▶ DATA SECTION
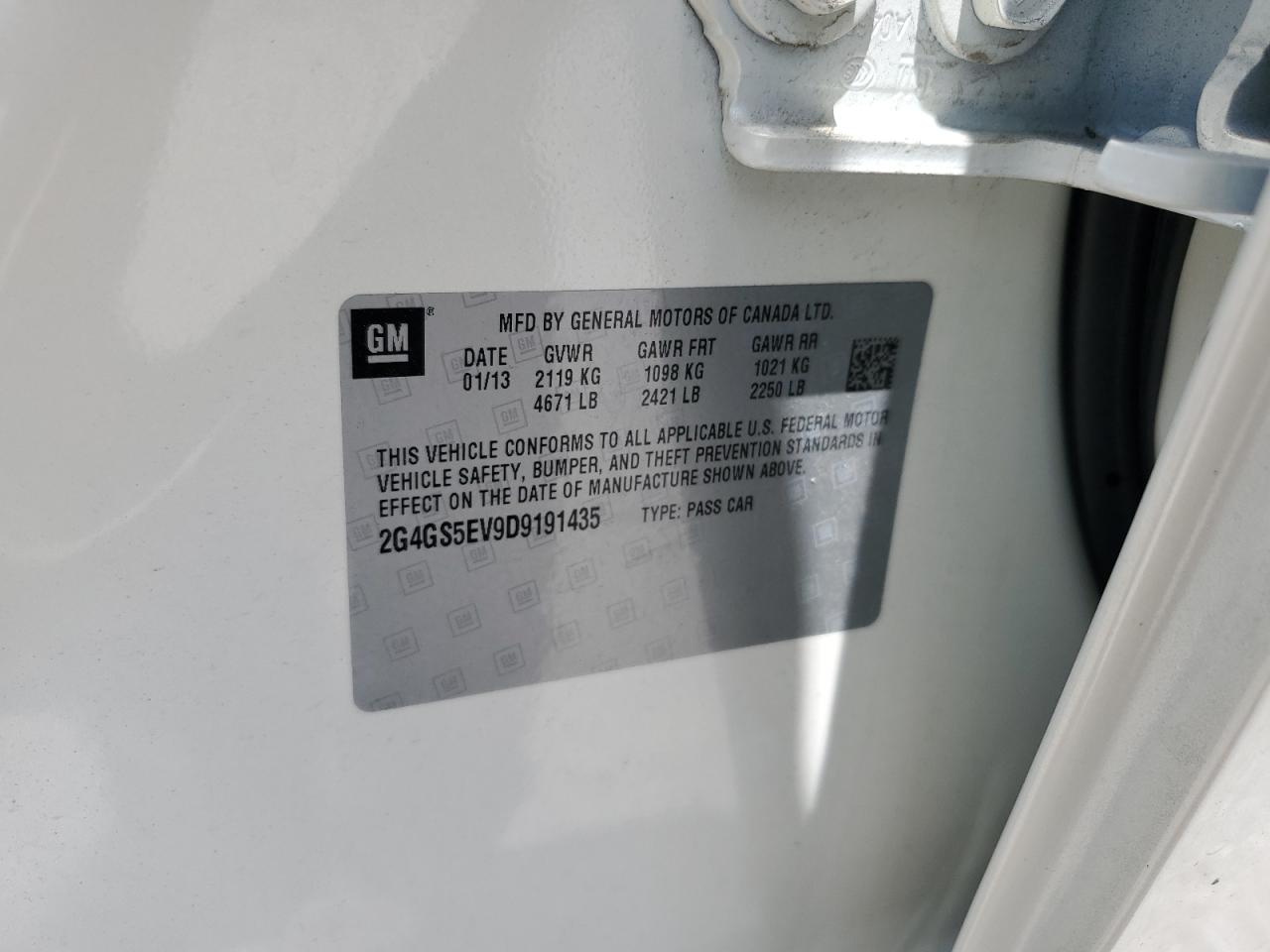 2013 Buick Regal Premium VIN: 2G4GS5EV9D9191435 Lot: 60927685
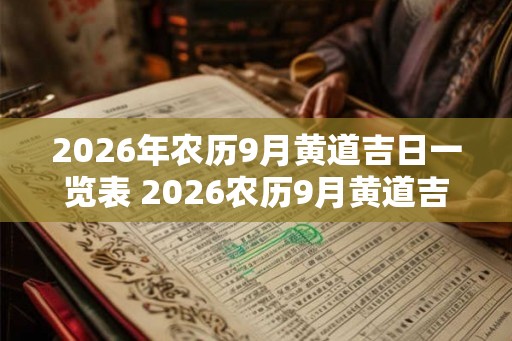 2026年农历9月黄道吉日一览表 2026农历9月黄道吉日查询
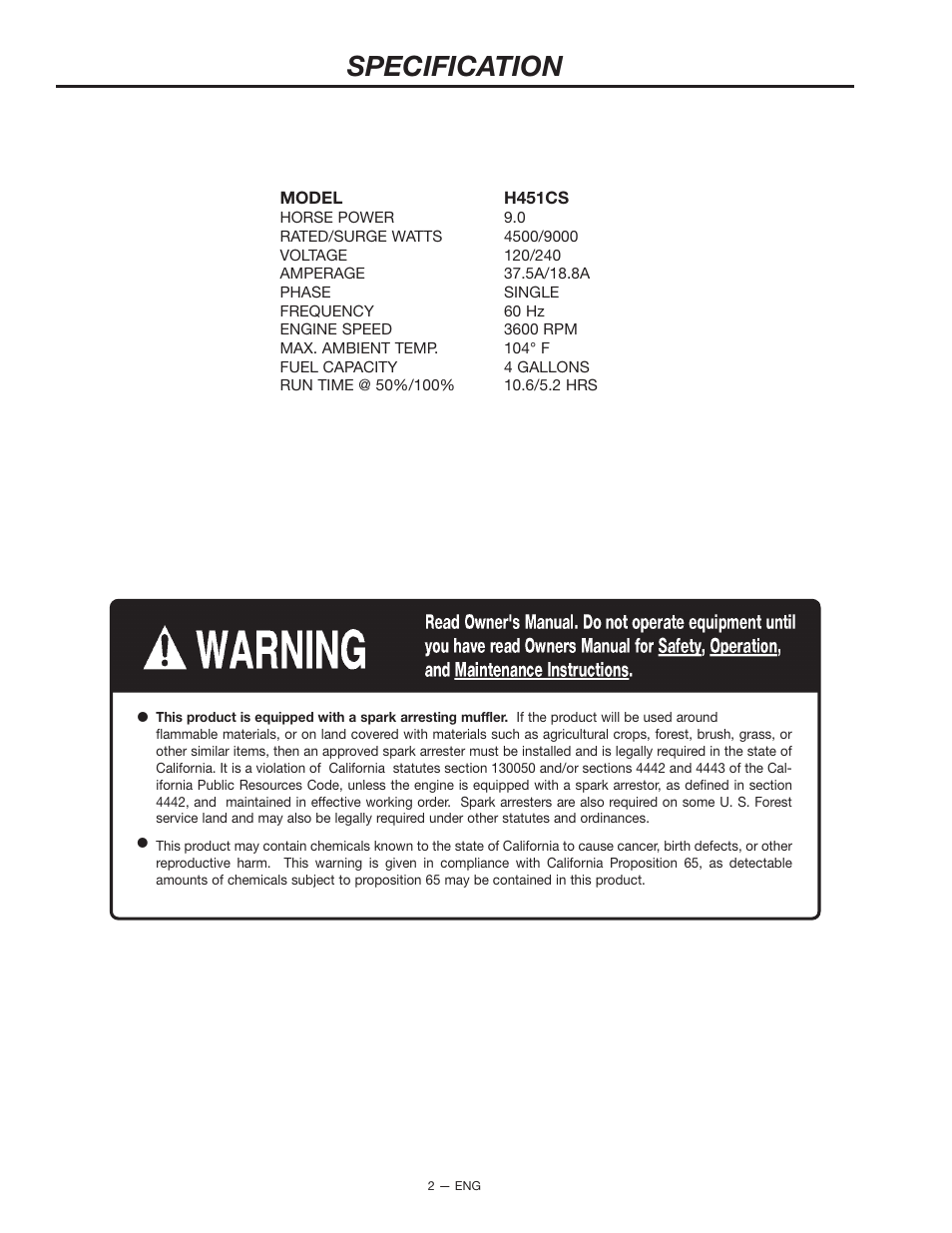 Specification | Porter-Cable H451CS User Manual | Page 2 / 20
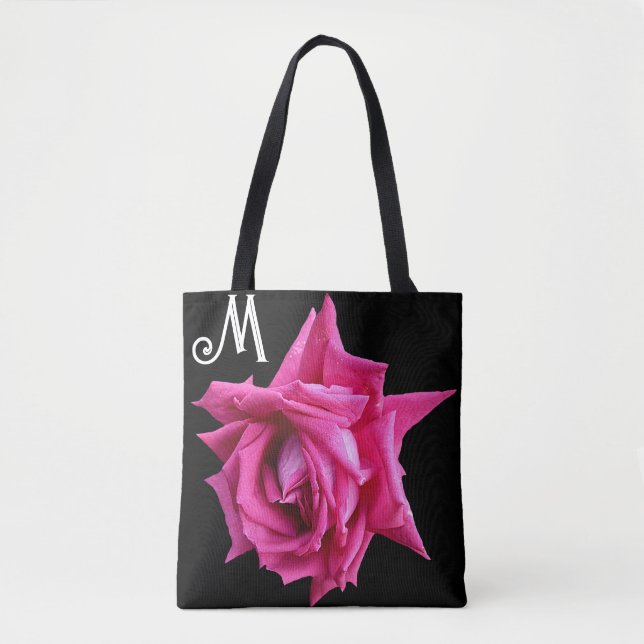 Bolsa Tote Nome M personalizável, cor-de-rosa rosa bonito, te (Frente)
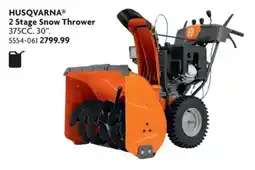 Home Hardware Husqvarna 2 stage snow thrower 375cc 30" offer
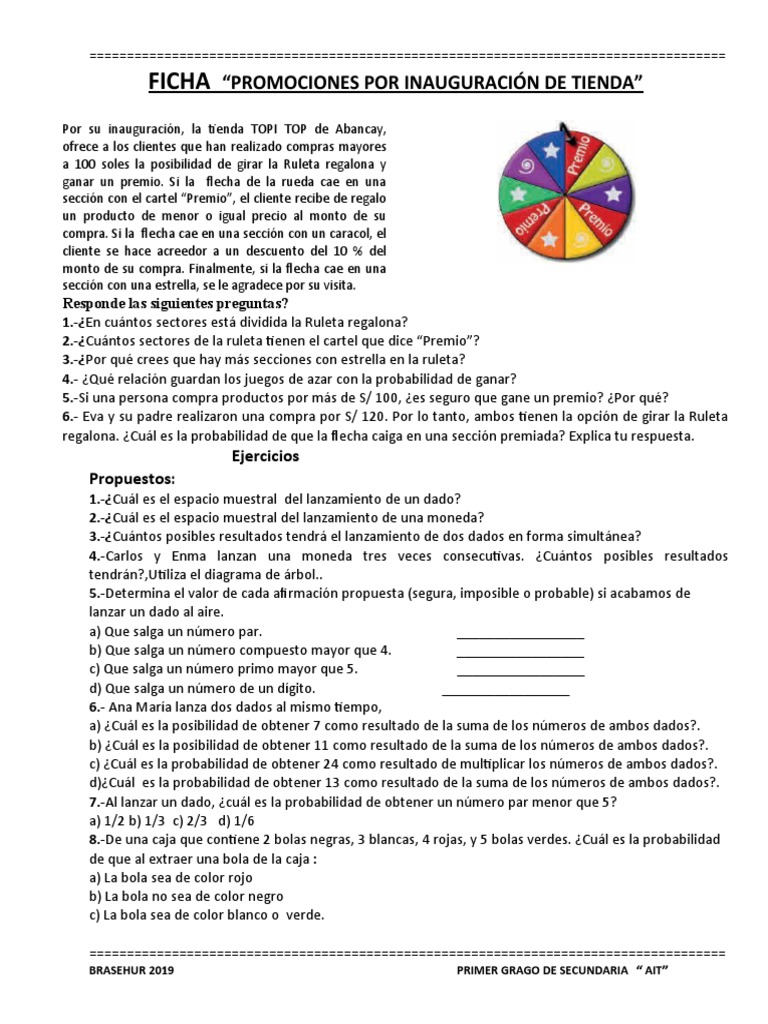 Ejercicios de Probabilidad para Secundaria | PDF | Probabilidad ...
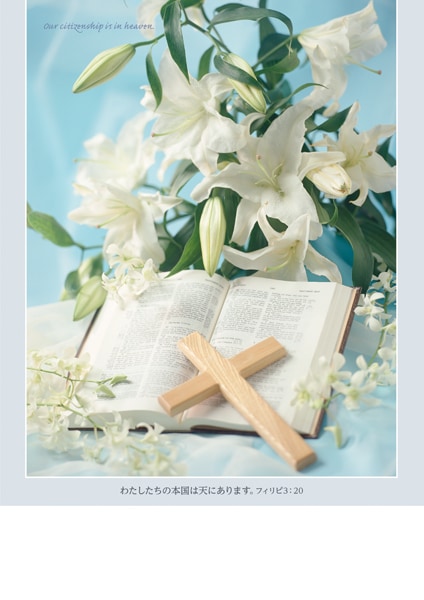 弔事プログラム用紙(30枚) 十字架とゆりブルー J-TB22SP4 新共同訳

▶ DIRECTIONS
Every line from the one containing "Ejercicios de Probabilidad" through the last line of the data, both included, is to be repeated exactly; the pictures are to be left out.

▶ TASK RESULT
 Ejercicios de Probabilidad para Secundaria | PDF | Probabilidad ...
 弔事プログラム用紙(30枚) 十字架とゆりブルー J-TB22SP4 新共同訳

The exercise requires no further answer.